I’ll add my voice to the chorus and say that you need to read about the rise of “dinergoths."
I’ll add my voice to the chorus and say that you need to read about the rise of “dinergoths."
Wait, so you’re saying AI is making work more intense, not less? Increasing the work load, not alleviating it?
Who could have foreseen this…
All I want for Christmas is for Heat 2 to be Michael Mann’s swan song, his epic, his Godfather: Part II. Please.
The first time I heard John Van Deusen’s voice in “None Other” I heard Michael Stipe, Paul Simon, and Sufjan Stevens.
Which is a roundabout way of saying that I can’t stop listening to it.

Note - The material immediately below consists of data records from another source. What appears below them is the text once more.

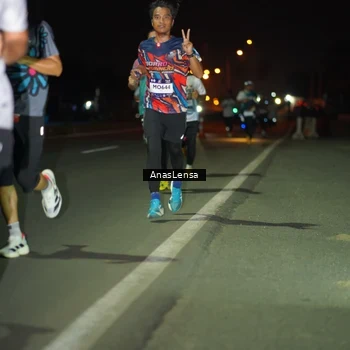 Runner Photo 7631742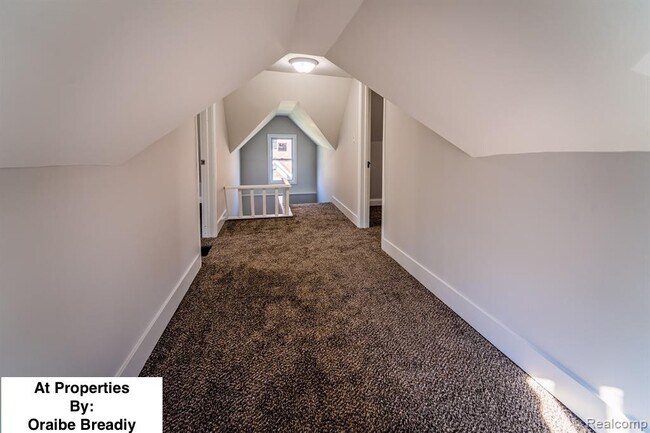 Building Photo - 959 Washtenaw Ave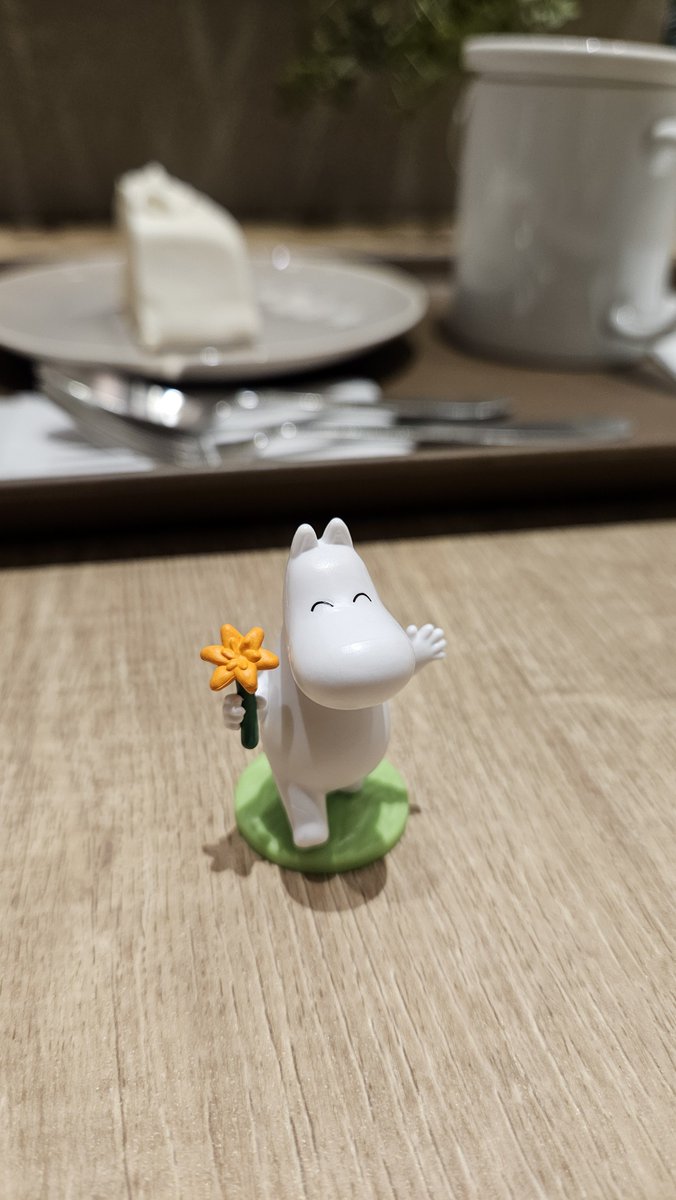 stonezaurus's tweet photo. 今日からお花を持っているムーミンのガチャガチャが登場。さっそく１回まわしてきました！ムーミンが持っているお花、金木犀にそっくりですよね😊見ているだけで秋の気配を感じます。金木犀が香る日も間もなくです🍁　＃ムーミン　＃ガチャガチャ https://t.co/EMypoJ4fDw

Read Katelyn Beaty on the ways that, for all its errors in the area of gender and purity, 1990s evangelicalism was absolutely right and regrettably prophetic in its objections to the mass sexualization of teen girls.
Read Douthat on the Oscars. Over against One Battler After Another and Marty Supreme, Douthat considers Sinners, Bugonia, Eddington, and Weapons:
These are the movies that really get at where our culture is going, I suspect. We are formally committed to seeing Trumpism versus liberalism (whether in Boomer or progressive shape) as the great conflict of the age. But our subtler filmmakers sense a different form of conflict lurking, in which the enemy is something else — the vampire in the dark, the malignant corporation, the nonhuman intelligence, or the devil.
I had no idea anybody had ever written either imitations or continuations of The Screwtape Letters. Yikes.
Read MBD for a smart take on “the minivan people” as a powerful voter constituency.
Read Bonnie Kristian on the (Christian) ethics of aesthetics, i.e., the billion-dollar beauty industry and where the moral and spiritual lines are.
Nine years ago Sonny Bunch wrote one of my favorite opinion columns of this century. It’s perfect in its simplicity, and the turn gets me every time. It works on my students, too. Take and read.
In the latest issue of First Things I have a review of Ryan Burge’s new book, The Vanishing Church.
Reading Ross Barkan on fiction in the face of AI is truly inspiring. Makes you want to get up and … write.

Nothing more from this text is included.